Calcio fiorentino
Si d’aventure votre chemin vous conduit à Florence, prenez le temps de flâner au-delà de l’Arno, du côté de Borgo San Frediano. Un quartier où résistent encore au tourisme de masse quelques boutiques d’artisans et de petits restaurants sympathiques. Avec l’église Santa Maria del Carmine, on peut admirer la Capella Brancacci et ses magnifiques fresques de Masaccio, Filippino Lippi… Rendez-vous au I' Brindellone, une trattoria antica qui s’efforce de préserver son identité en demeurant le point de rencontre d’habitués dont l’accent fleure bon la Toscane. On y propose des plats de la cuisine régionale traditionnelle comme la bistecca, la ribollita, la panzanella. Aux murs, des photos, en noir et blanc le plus souvent, retracent l’histoire de la squadra de la Florence éternelle. Car ici, les clients traditionnels sont des passionnés de calcio, inconditionnels de la Fiore et amateurs de calcio storico, ce sport collectif pratiqué depuis le Moyen Âge avec un ballon rond. Un ancêtre violent du football inventé par les Anglais, disparu au XVIIIe siècle et relancé à Florence dans les années 1930 par les mâles alpha chers aux émules du Duce.
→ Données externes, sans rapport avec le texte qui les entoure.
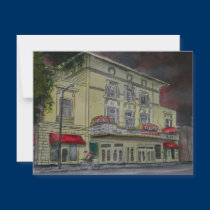 Lucas Theatre Savannah Georgia artists art invitations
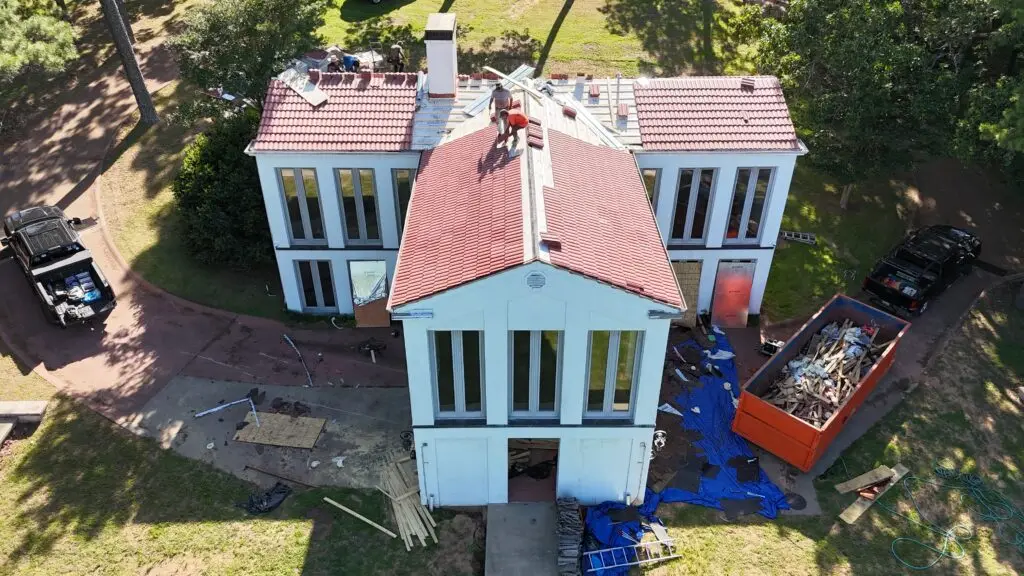 Photo of a tile roof replacement in Farmington AR courtesy of RoofCo NWA.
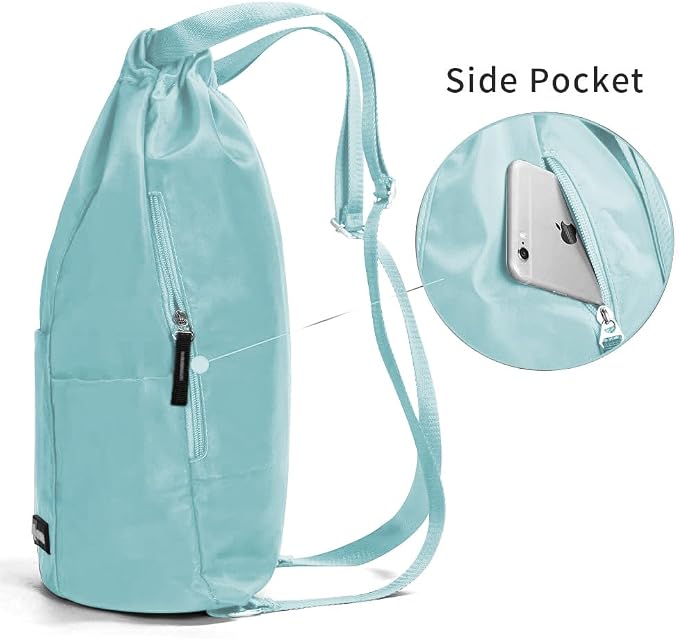 ZOORON Waterproof Drawstring Gym Backpack Bag - Image 3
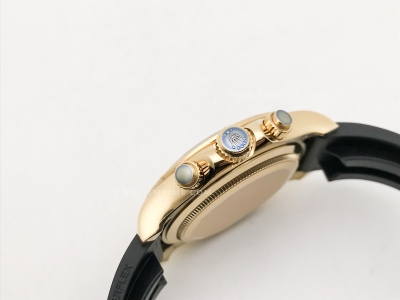 Daytona 126518LN CER YG/RU Blk/Gold/Stk RCF A4131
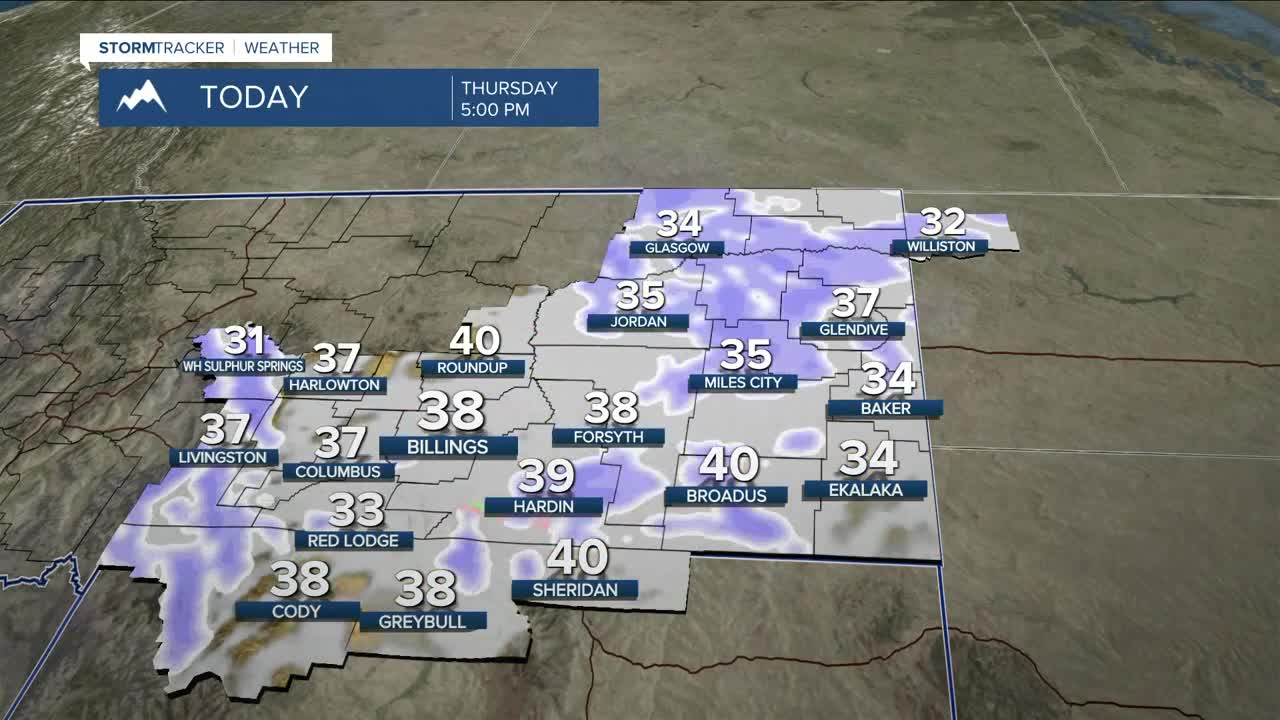 Q2 Billings area weather: A chance of daily snow through Saturday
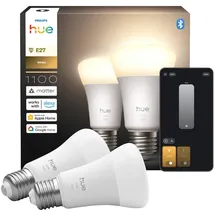 Philips Hue W 1100 A60 E27 75 W warmweiß 2 St.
Difficile pour un touriste d’être admis à une table de tifosi locaces. Mais si vous êtes un amoureux du foot, alors vous avez une chance d’être accepté comme un des leurs : prenez un bel café au comptoir. Et montrez au serveur votre intérêt pour tous ces vieux clichés qui remémorent les exploits de leur équipe de cœur :
– Avez-vous une photo de la Fiorentina de 1957, vice-championne d’Europe, avec son attaquant brésilien Julinho, son gardien Sarti ?
– Cette finale, si on ne la joue pas à Madrid, on la gagne. Mais au stade Bernabéu, devant plus de 100 000 spectateurs dont le chef d’État, le général Franco, la victoire ne pouvait pas échapper au Real de Di Stefano et Kopa. À la mi-temps, on tenait encore : 0-0. Mon grand-père était gamin. Ce match est resté le grand regret de sa vie.
La conversation lancée, il vous faut l’alimenter :
– Mon père m’a souvent parlé d’un scudetto abandonné à la Juve, lors d’une ultime journée de championnat…
– Non ! Un scudetto volé par la Juve : scandaleux ! Un jour maudit pour la Fiorentina. En 1982.
– Et Hamrin, ce Suédois, il était vraiment bon ?
– Un bel giocatore. Et un Signore, sur le terrain et en dehors. Comme son compatriote Liedholm.
Vous voilà bientôt intégré au groupe de supporters viola de la trattoria. Profitez-en :
– Vous avez vu jouer Socrates, le Brésilien, le “talon de Dieu” ? Papa disait qu’avec ses talonnades, il faisait des passes de trente mètres !
Un des clients intervient :
– Moi, Socrates, je l’ai vu un jour rentrer dans le but adverse avec le ballon collé à sa poitrine, comme aimanté. Tel un Harlem Globetrotter ou un artiste de cirque.
Un autre tifoso :
– Et Daniel Passarella, l’Argentin, vous vous en souvenez ? Un libero de petite taille qui s’élevait plus haut que des adversaires qui lui rendaient quinze centimètres de taille ! Sur les corners, quand il sautait en pleine course, il avait une telle puissance musculaire qu’il balançait des gars pesant dix kilos de plus que lui…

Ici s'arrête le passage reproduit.